Are there any benefits to running up hill exercise workouts? Many people avoid running up hills because it is such hard work, but that of course, is the crux of the problem.
Hill running as a sport is massive in it's own right (separate from athletics - you may also have heard it called Fell Running or Extreme running) and has many benefits.
Is there a technique involved? As with any exercise, always warm up first, with at least ten minutes of easy running, then choose an incline that takes you from 1 to 4 minutes to run up. The longer the distance you are training for, the longer your repeats should be (and vice versa).

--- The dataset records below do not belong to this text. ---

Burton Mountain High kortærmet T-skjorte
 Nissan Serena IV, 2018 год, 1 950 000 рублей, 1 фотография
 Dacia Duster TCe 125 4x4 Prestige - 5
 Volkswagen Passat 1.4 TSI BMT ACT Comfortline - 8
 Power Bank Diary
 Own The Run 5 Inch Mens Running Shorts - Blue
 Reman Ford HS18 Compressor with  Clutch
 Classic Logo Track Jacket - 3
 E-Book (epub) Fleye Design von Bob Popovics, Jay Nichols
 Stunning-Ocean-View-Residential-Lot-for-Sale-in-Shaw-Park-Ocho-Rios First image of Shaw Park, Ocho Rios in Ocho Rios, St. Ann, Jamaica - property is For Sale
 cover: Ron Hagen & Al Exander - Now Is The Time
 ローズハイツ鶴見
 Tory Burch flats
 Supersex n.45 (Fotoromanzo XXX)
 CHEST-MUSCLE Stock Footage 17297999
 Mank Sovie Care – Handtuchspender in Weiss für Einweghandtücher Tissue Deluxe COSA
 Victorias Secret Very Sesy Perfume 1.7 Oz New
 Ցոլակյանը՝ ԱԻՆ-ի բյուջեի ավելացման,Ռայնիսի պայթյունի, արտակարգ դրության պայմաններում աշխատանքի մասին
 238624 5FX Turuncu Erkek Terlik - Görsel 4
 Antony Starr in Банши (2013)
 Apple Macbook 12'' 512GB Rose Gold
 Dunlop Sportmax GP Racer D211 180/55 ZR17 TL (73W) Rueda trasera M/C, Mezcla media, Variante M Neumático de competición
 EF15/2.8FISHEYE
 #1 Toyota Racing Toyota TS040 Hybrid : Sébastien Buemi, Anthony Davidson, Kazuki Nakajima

Apart from the need for a good basic level of fitness, running up hills has three benefits that can help any runner :
- Mental Toughness :
Many runners avoid hills, they dread them. But if you embrace them, guess what? When you're in a race and a climb looms up ahead, you know this is an opportunity to make up time, pass a few people, kick-start your race.
- Stronger Push-Off :
Performed regularly, this will strengthen your ankles. This means that you can push off the ground more powerfully with each stride, propelling you further forward with each stride.
- Flexible Hips:
Stride length is a key factor in running speed - quite simply, the further each stride takes you, the fewer strides you have to take, and the faster you'll run. When you run up an incline, you lift your knees higher, which increases hip flexibility and thus stride length.
Running up an incline requires a slightly different stride to normal - lean forward slightly, pump your arms, and aim to maintain a good pace all the way to the top. Slowly jog back down after each repeat. Start with a couple of repeats, and aim to add one per week to a maximum of 8 repeats.
This is a tough workout, so once a week is plenty.